A senior member of the Bletchley war-time team was Alan Turing. Turing was part of the team that cracked the Nazi Enigma code, vital to the allied war effort. He is now widely recognised as a computing pioneer. However, at the time of his death - which an inquest recorded as suicide - he was virtually unknown to the public. His work at Bletchley Park was kept secret until 1974.

2012 celebrated 100 years since Turing's birth. There's a wonderful sculpture of Turing at Bletchley, made entirely of pieces of slate by Stephen Kettle. The picture I've shown here doesn't do it justice. It's well worth a trip to Bletchley just to see this sculpture.
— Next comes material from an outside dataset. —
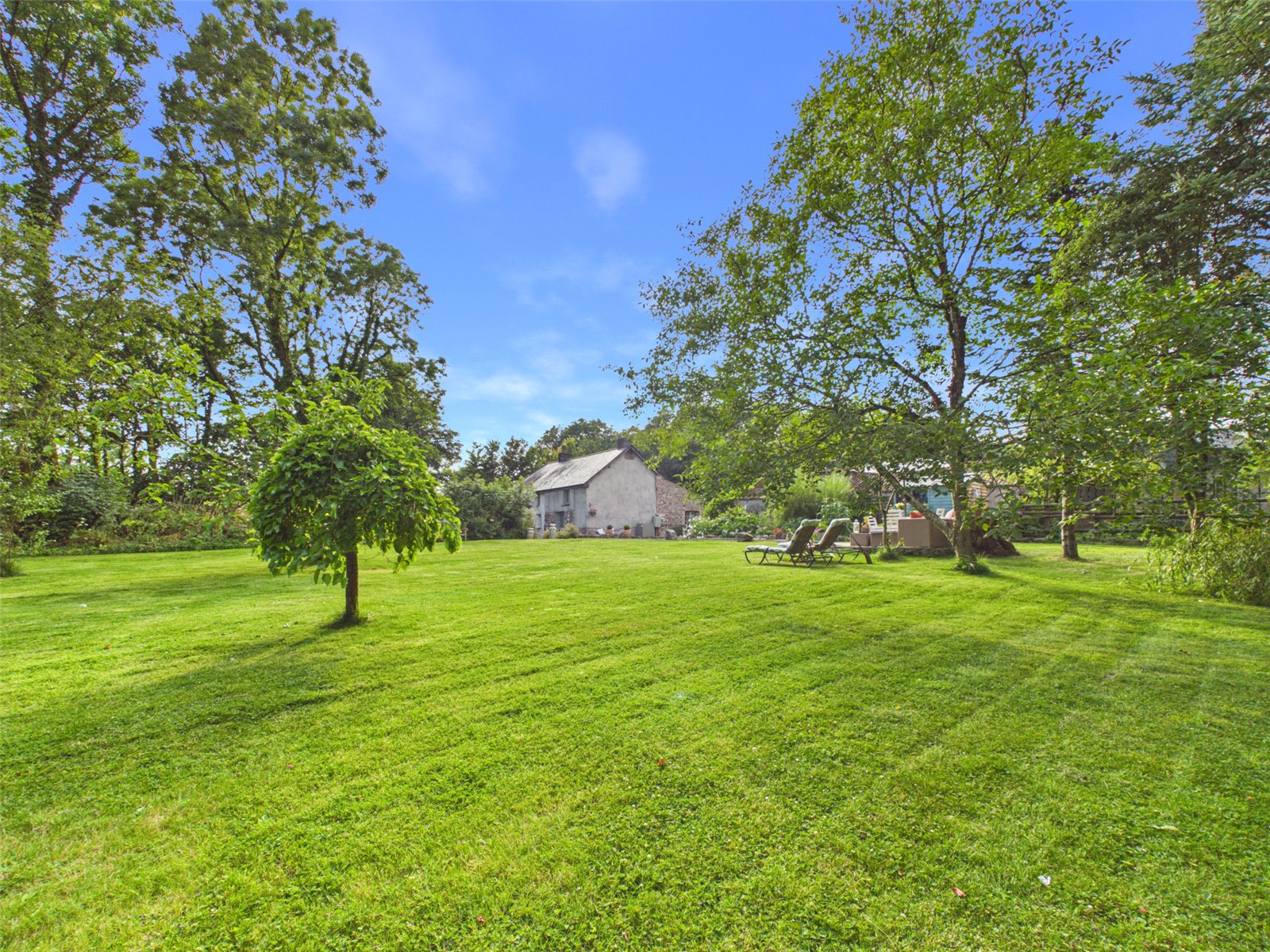 Higher Killatree Farm, Killatree, Holsworthy, Devon, EX22, photo 43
Amazing work!

The Automatic Computing Engine (ACE) was the product of Turing's theoretical work in 1936 "On Computable Numbers" and his wartime experience at Bletchley Park with Colossus. In early 1946, Turing presented a detailed paper on ACE to the National Physical Laboratory (NPL) Executive Committee, giving the first reasonably complete design of a stored-program computer. However, the Official Secrets Act prohibited him from explaining that he knew that his ideas could be implemented in an electronic device. ACE implemented subroutine calls and used Abbreviated Computer Instructions, an early form of programming language. Turing's colleagues at the NPL, not knowing about Colossus, thought that the engineering work to build a complete ACE was too ambitious.

Turing was a homosexual, at a time when homosexuality was illegal in Britain. Turing was convicted of gross indecency in 1952 after acknowledging a sexual relationship with a man. Barbaric as it seems by modern standards, he was offered (and accepted) treatment with female hormones ("chemical castration") as an alternative to prison. Turing died in 1954, from cyanide poisoning. An inquest determined that his death was suicide. An incredibly tragic life story.

In 2009, Prime Minister Gordon Brown made an official public apology on behalf of the British government for "the appalling way he was treated". In 2012, there has been a growing campaign to grant Turing a statutory pardon. In a letter to the Daily Telegraph on 14th December, eleven of Britain's leading scientists called on the government to grant the pardon.

I'm looking forward to receiving my copy of Dr Sue Black's Saving Bletchley Park book later this year, describing the amazing people and amazing work done at Bletchley over the last 70 years, including efforts in recent years to stop the bulldozers and save the site for the nation.

The BBC History web site has a wonderful section on Bletchley (including video). Bletchley Park is highly recommended for a visit, and so is the BBC web site!